* **Dataset extract**
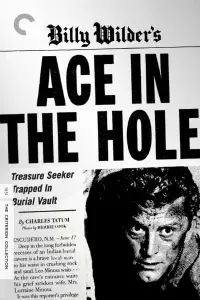 Poster to the movie "Ace in the Hole" #586282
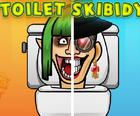 Время игры с макияжем туалета Skibidi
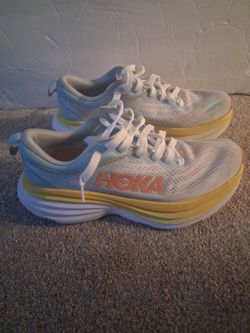Hoka Bondi 8 Summer Song Country Air 1127952 SSCA Women's Size 7.5 B Running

* **What you have to do**
When you copy the data, keep every line exact and leave out each picture.

* **Task response**
 Poster to the movie "Ace in the Hole" #586282
 Время игры с макияжем туалета Skibidi
Hoka Bondi 8 Summer Song Country Air 1127952 SSCA Women's Size 7.5 B Running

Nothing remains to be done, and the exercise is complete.